O’Donnell was a central figure in the bankruptcy filing of the Spokane Diocese in 2004. Of 176 complaints filed in that case, 66 were against him, more than any other priest. The bankruptcy has been settled for $48 million, which the diocese has promised to raise through donations and the sale of assets.
O’Donnell testified he was at Assumption Parish in Spokane when he repeatedly molested the son of a police officer in 1976. The boy later told a friend, who told his parents. The other boy’s mother already had been complaining about O’Donnell’s behavior to no effect.
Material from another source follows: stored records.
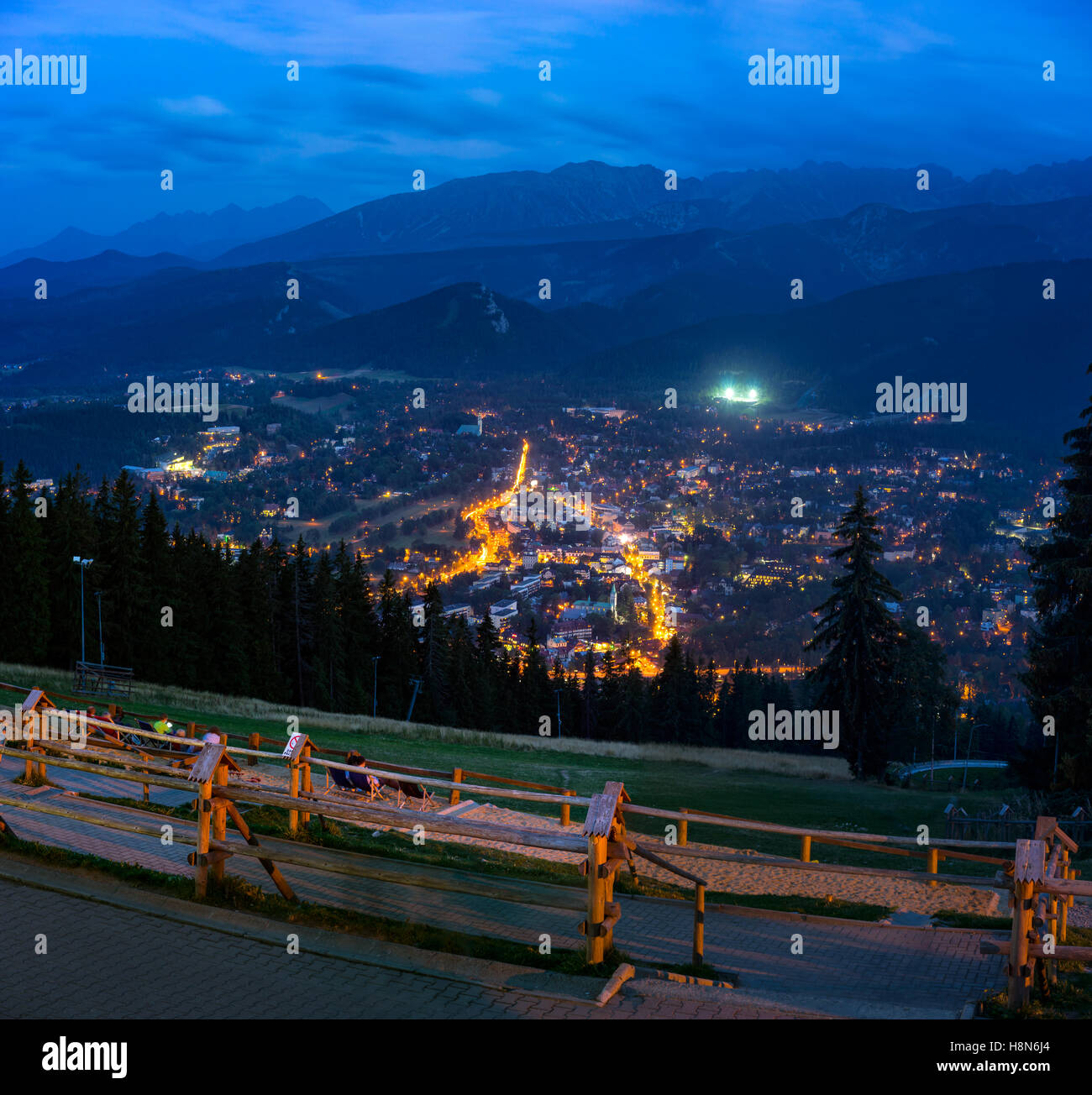 Nightscape of Tatra Mountains and Zakopane from Gubalowka Hill, Poland Stock Photo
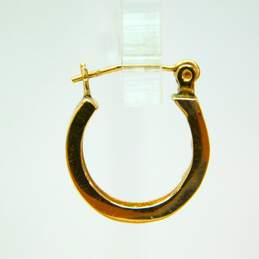 14K Yellow Gold Diamond Accent Hoop Earrings 3.0g alternative image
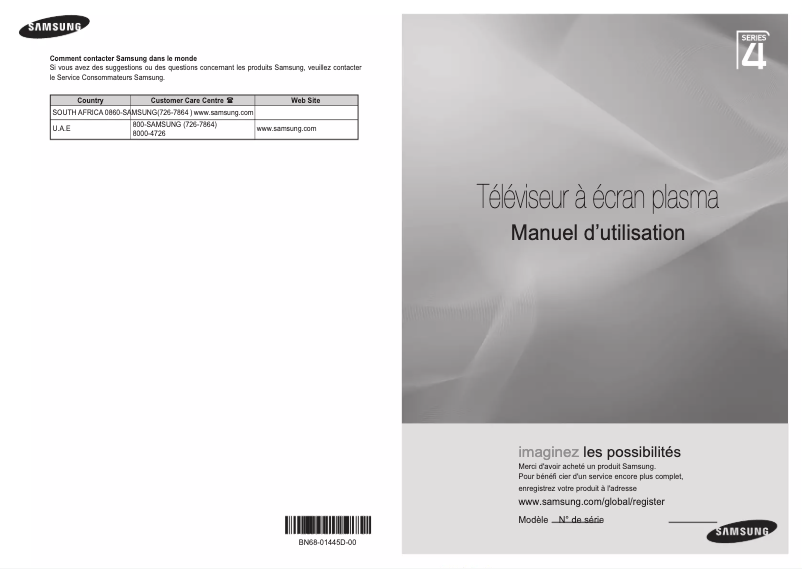 Page 1 de la notice Manuel utilisateur Samsung PS50A410C1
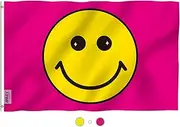 Anley Fly Breeze 3x5 Foot Pink happy Face Flag - Vivid Color and Fade Proof - Canvas Header and Double Stitched - Happy Face Flags Polyester with Brass Grommets 3 X 5 Ft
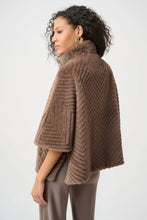 Load image into Gallery viewer, Chevron Faux Fur Cape-Style Jacket 263917
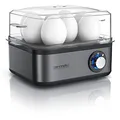 Produktbild: Arendo - Eierkocher Edelstahl für 1 bis 8 Eier - Egg Cooker - 500 W – Kontroll Leuchte – Drehregler für drei Härtegrade - spülmaschinengeeignet | Cool Grey
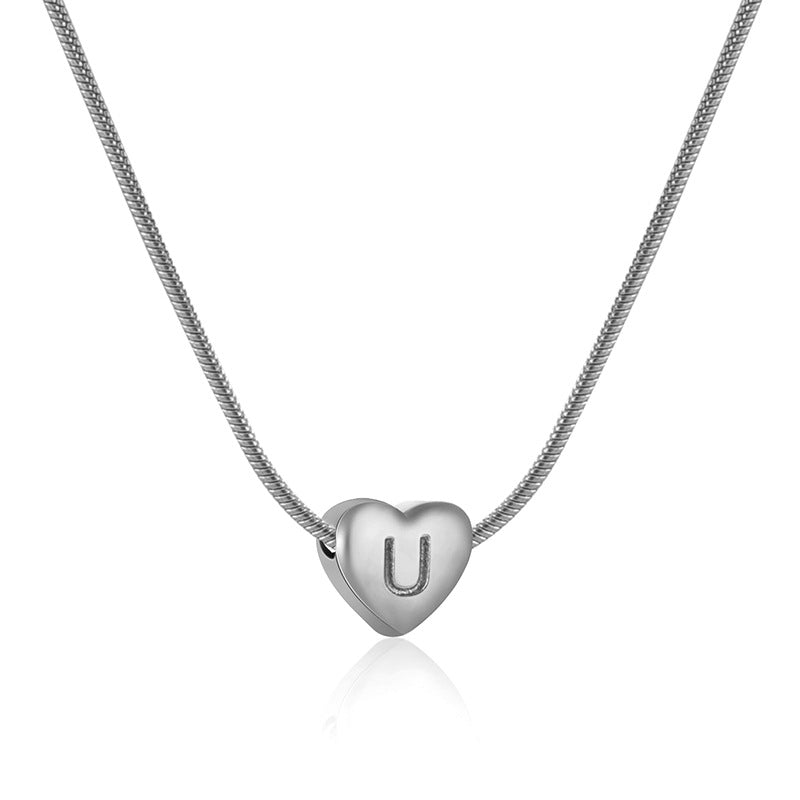 Lady Letter Heart Shape Stainless Steel Titanium Steel Plating Titanium Steel Necklace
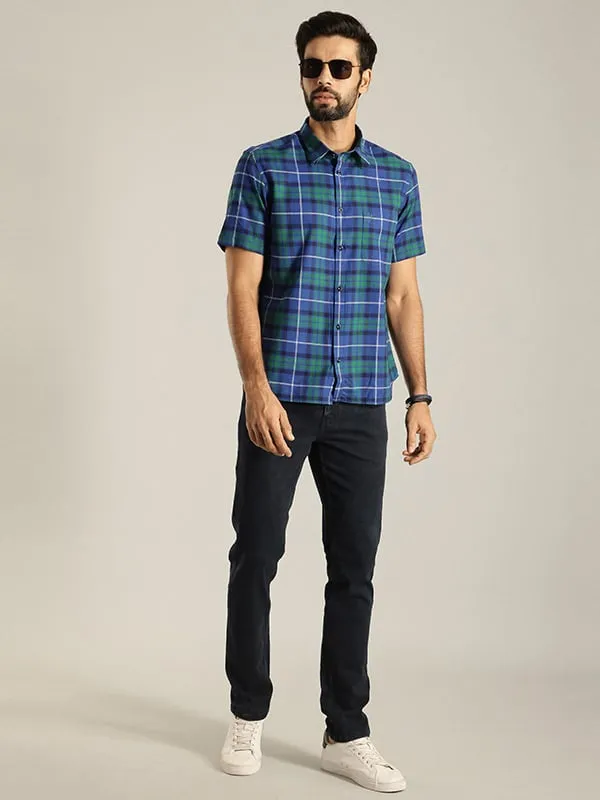 Men Checked Half Sleeve Cotton Shirt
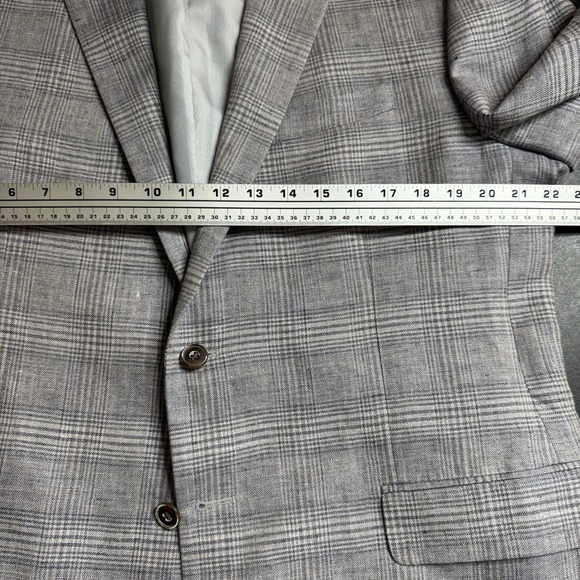 J.S. A. Bank 1905 Tailored Fit Linen Blazer Jacket 42‎ Regular Gray Plaid - Picture 7 of 10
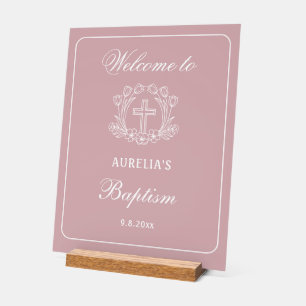 Croix florale simple sur Baptême rose Bienvenue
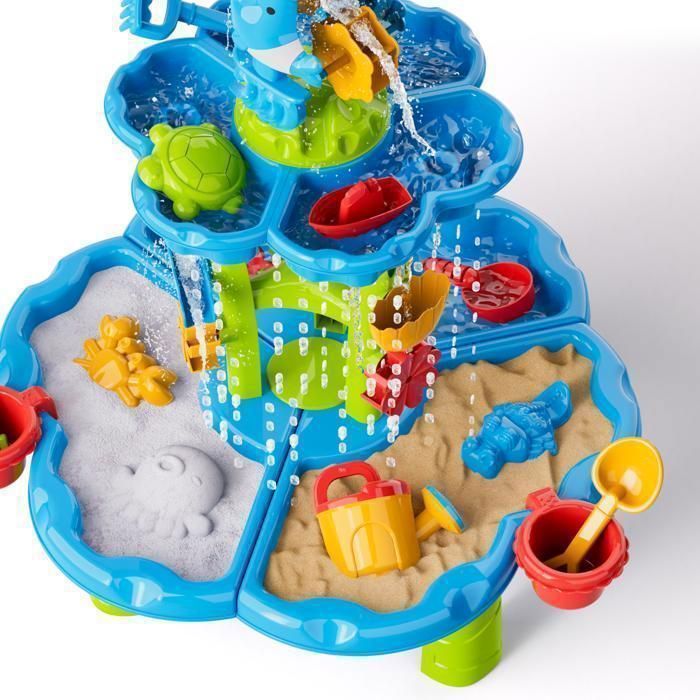 Water Table - KUKUFUN - 2 Levels - Outdoor Activity Table - For the Beach - Birthday Gifts for Children Ages 3 and Up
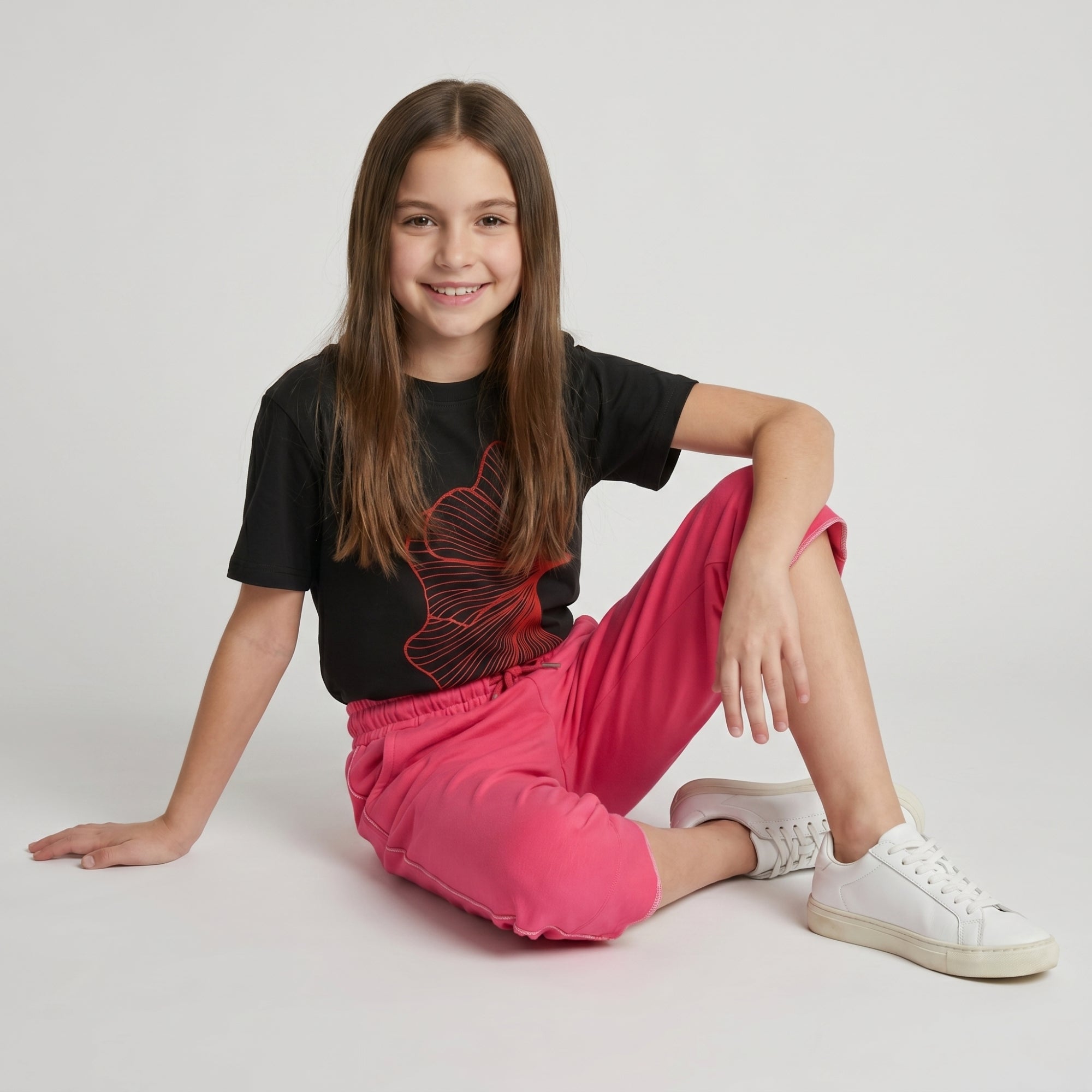 Girls Coral Solid Regular Fit Capri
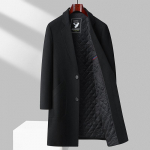Vyri&scaron;kas raudonas pavasarinis žieminis vilnonis vilnonis ilgas paltas nuo vėjo striukė Vyri&scaron;kas paltas pūkinis paltas Korėjos rudens drabužiai 2023 m. 2XL juoda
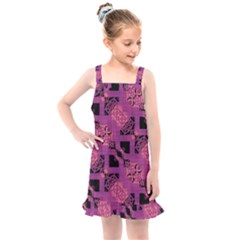 Fuchsia Black Abstract Checkered Stripes  Kids  Overall Dress by SpinnyChairDesigns
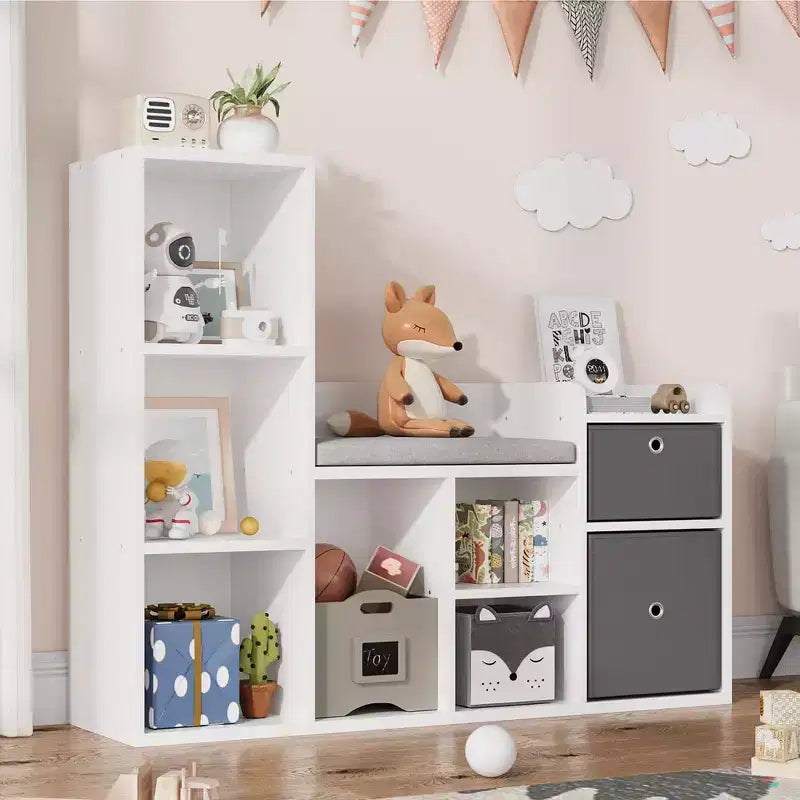 Organisateur de rangement de jouets avec coin lecture Bibliothèque blanche Coussin de siège Banc de rangement en bois à 6 casiers 2 tiroirs Étagère de meuble pour tout-petits pour chambre d'enfants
This time the other boy’s father threatened to blow the whistle in church unless something was done.
Within a day or two, Bishop Bernard Topel ordered O’Donnell to leave town and in barely a week O’Donnell headed west.
Kosnoff and Patterson agreed that Topel, now deceased, and Hunthausen were especially close friends and professional colleagues going back to when Topel taught at Carroll College in Helena, Mont., and Hunthausen was a student.
Kosnoff said it was inconceivable that Spokane diocesan officials failed to inform the Seattle archdiocese of O’Donnell’s problems, even though no document has been found to show that was done.
Topel also had a close relationship with O’Donnell, who began mowing his lawn as a young teenager not long after Topel became bishop, and Hunthausen was “absolutely perplexed, astonished” that he was never informed of the reason O’Donnell was sent to Seattle, Patterson asserted.
“Archbishop Hunthausen has adamantly denied that Bishop Topel told him anything about Mr. O’Donnell’s conduct,” the archdiocese lawyer added. “He will look you in the eye and he will tell you that he did not know.”